Since then palladium and aluminum are back down to where they started more or less and even oil has round tripped. Things that are harder to ship and move around like wheat are still elevated. Once again, it is all about logistics and sanctions and they can operate quite separately.
Recent news suggests that sanctions compliance by India, China and Saudi will be weak when it comes to major commodity inputs and things that might drive inflation. India may purchase Russian oil and China and Saudi have announced they will be restarting work on a petrochemical complex in Liaoning that will almost certainly be fed by Russian crude - the Chinese partner here is Norinco, China’s major armaments producer. I can only infer that US-Saudi relations are now approaching the zero lower bound, if one exists.

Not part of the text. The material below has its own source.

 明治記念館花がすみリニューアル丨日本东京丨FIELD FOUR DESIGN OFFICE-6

Combined with recent Chinese announcements on coal production and the start of key Mongolian rails it seems the energy supply shock is cancelled — for now — along with any jump risk for commodities trading houses. Instead we are facing a demand shock: what happens if half of China switches to work from home for a few months? If you are in energy, a lot.
But back to sanctions: on this point I suspect that there is going to be safety in numbers. The US cannot reasonably sanction India, China and Saudi Arabia at once and so the flow of many commodities is likely to continue albeit with logistical constraints. I do suspect though that there will be some red lines around weapons and military aid that would be unwise for anyone to cross: it is hard to push back against India saying it is trying to feed its people but a mid size industrial group dealing spare parts for weapons systems could find itself getting the more recent Oligarch experience. Going forward though this is going to be a “masks off” moment for the EU and the US: realpolitik is back and there are limits to what these countries will do against their short term interests. This may be no surprise for India and China but it is quite clear years and years of military support and engagement in Saudi Arabia have been a poor investment.

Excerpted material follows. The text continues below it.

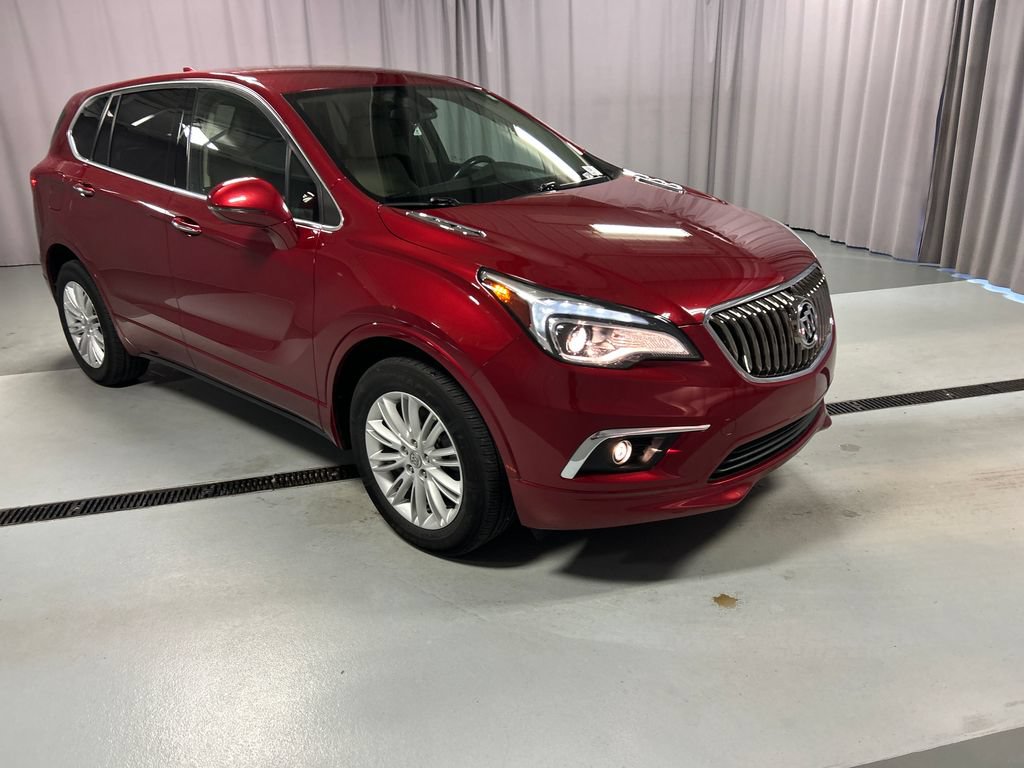 Used 2017 Buick Envision Preferred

What should be the response in the US and EU? Ultimately there are a number of bad actors and enablers of bad actors who effectively run on fossil fuel exports. That much is now very clear. To that end a combined emissions and energy security policy should aim for:
An aggressive energy transition to reduce leverage to fossil prices.

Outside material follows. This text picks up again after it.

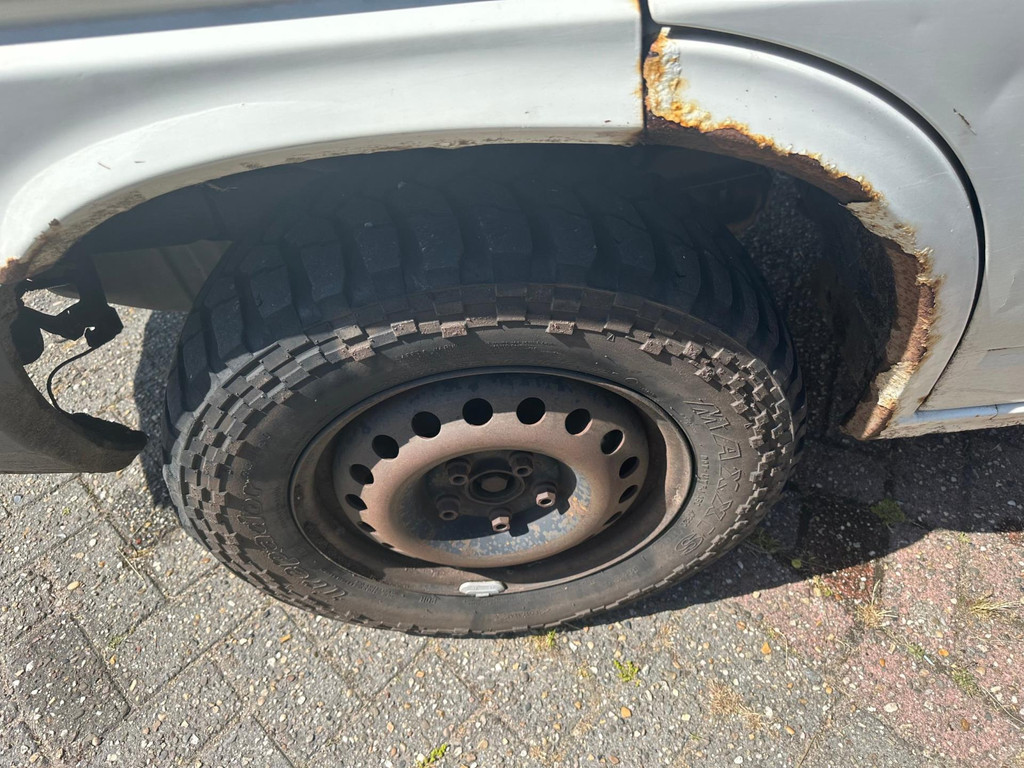 Volkswagen Transporter T4,SYNCRO,SPER.DIFF.2.5TDi,5-Cyl.75kw/102pk 7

Much lower fossil prices in general to weaken these actors
A mechanism by which to achieve this
I recently read the Employ America proposal for the Biden administration to execute a kind of “curve control” in oil: sell spot to reduce prompt prices, buy futures to allow shale producers to hedge thus allowing the SPR to empty now and refill later. This could be extended beyond the SPR to significantly more production outside of the US interior to providing longer term hedges to allow offshore drilling to resume. These projects are hard to fund right now and liquidity out the curve in oil is limited. Bringing these projects online would lead to a supply shock and inflict significant pain on Russia and Saudi. The challenge would be to avoid Jevon’s paradox - to this end the US could link gas taxes to crude prices: price goes down, tax goes up and vice versa. This would also allow the government to be hedged on revenues: if they write collars for deep water producers then they are revenue neutral because when oil falls they get a greater tax take and when oil rises they get gains on the hedges. The government could wind down this activity if oil becomes too oversupplied or if the energy transition moves quickly enough to make it no longer necessary: at a certain point oil might be a problem, but it would not be the US’ problem. This process could also run in parallel with an ongoing appraisal of how reliable Saudi Arabia is and how much the US needs to hedge its exposure to the country.
If this sounds like a large politically motivated trading house then yes: that is exactly what I am suggesting. Oil is politics and it is now abundantly clear that in an age of activist ESG investors Exxon cannot and will not function as an extension of the US government. The deep state is a cool story but somewhat oversold at this juncture. If oil matters for now - and it does - then the US and EU and others should not be shy about being in this markets anymore than rates. It is quite clear that producers can politicize these markets so why not customers?
The US cannot reasonably sanction India, China and Saudi Arabia at once?
Especially after this: Mar. 14, 2022: “In two weeks, China, Russia, Armenia, Belarus, Kazakhstan, and Kyrgyzstan will reveal an independent international monetary and financial system. It will be based on a new international currency, calculated from an index of national currencies of the participating countries and international commodity prices” Sputnik News.
Along with the new currency, Russia and China will also reveal their Unfriendly Nation Lists..
Once Eurasia, Africa, ASEAN, the Middle East, and Latin America commit, no nation can afford to stay out the world’s biggest, fastest growing, stablest, frictionless market.
More Global 500 corporations call it home than any other country.